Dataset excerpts
· · · · · · ·
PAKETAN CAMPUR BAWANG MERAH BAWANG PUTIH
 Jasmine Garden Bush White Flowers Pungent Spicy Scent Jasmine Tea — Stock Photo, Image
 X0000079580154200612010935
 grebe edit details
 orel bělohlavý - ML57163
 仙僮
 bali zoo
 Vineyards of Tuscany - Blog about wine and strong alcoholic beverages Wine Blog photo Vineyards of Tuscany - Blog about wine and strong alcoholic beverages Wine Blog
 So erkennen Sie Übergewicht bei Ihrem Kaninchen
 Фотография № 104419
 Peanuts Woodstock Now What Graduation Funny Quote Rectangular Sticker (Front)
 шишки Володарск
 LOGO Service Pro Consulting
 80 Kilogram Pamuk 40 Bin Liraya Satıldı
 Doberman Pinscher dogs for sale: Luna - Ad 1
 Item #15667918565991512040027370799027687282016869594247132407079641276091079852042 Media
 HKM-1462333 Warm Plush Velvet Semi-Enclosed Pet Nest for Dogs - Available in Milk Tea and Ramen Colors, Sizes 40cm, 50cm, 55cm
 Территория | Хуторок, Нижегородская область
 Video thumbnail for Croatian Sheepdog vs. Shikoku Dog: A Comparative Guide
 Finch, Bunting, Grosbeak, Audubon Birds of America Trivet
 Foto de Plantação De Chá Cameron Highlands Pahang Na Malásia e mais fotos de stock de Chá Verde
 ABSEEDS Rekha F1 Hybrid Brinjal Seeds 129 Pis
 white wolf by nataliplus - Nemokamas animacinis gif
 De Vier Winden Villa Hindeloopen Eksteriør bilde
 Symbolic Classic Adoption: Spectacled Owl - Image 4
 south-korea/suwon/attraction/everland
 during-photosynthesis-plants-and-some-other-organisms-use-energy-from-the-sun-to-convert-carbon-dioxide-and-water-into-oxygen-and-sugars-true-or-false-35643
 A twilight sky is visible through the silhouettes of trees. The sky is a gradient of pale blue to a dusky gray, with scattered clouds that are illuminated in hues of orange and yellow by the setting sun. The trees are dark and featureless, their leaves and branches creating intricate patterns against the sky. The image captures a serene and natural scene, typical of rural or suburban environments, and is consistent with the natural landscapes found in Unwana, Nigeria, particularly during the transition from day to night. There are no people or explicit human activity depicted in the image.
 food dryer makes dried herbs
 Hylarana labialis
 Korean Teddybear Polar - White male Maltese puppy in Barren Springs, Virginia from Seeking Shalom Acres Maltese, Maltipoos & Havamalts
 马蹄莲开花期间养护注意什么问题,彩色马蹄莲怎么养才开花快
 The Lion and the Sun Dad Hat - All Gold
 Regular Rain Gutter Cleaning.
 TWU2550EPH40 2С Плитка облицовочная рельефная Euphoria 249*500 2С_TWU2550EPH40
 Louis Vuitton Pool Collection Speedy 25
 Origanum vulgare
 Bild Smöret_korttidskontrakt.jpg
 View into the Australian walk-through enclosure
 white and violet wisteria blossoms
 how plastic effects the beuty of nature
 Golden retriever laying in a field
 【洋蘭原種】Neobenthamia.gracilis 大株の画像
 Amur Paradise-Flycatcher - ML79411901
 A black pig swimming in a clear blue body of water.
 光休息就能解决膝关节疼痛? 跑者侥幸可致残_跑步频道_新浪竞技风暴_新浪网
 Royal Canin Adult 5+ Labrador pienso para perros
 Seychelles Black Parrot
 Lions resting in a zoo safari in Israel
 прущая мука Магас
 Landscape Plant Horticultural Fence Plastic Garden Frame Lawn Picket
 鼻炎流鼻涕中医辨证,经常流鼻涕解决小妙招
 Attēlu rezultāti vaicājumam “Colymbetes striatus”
· · · · · · ·
Task instructions
Write out exactly the lines above between the line with "Территория | Хуторок, Нижегородская область" and the line with "south-korea/suwon/attraction/everland", inclusive, and nothing beyond them.

Exercise output
 Территория | Хуторок, Нижегородская область
 Video thumbnail for Croatian Sheepdog vs. Shikoku Dog: A Comparative Guide
 Finch, Bunting, Grosbeak, Audubon Birds of America Trivet
 Foto de Plantação De Chá Cameron Highlands Pahang Na Malásia e mais fotos de stock de Chá Verde
 ABSEEDS Rekha F1 Hybrid Brinjal Seeds 129 Pis
 white wolf by nataliplus - Nemokamas animacinis gif
 De Vier Winden Villa Hindeloopen Eksteriør bilde
 Symbolic Classic Adoption: Spectacled Owl - Image 4
 south-korea/suwon/attraction/everland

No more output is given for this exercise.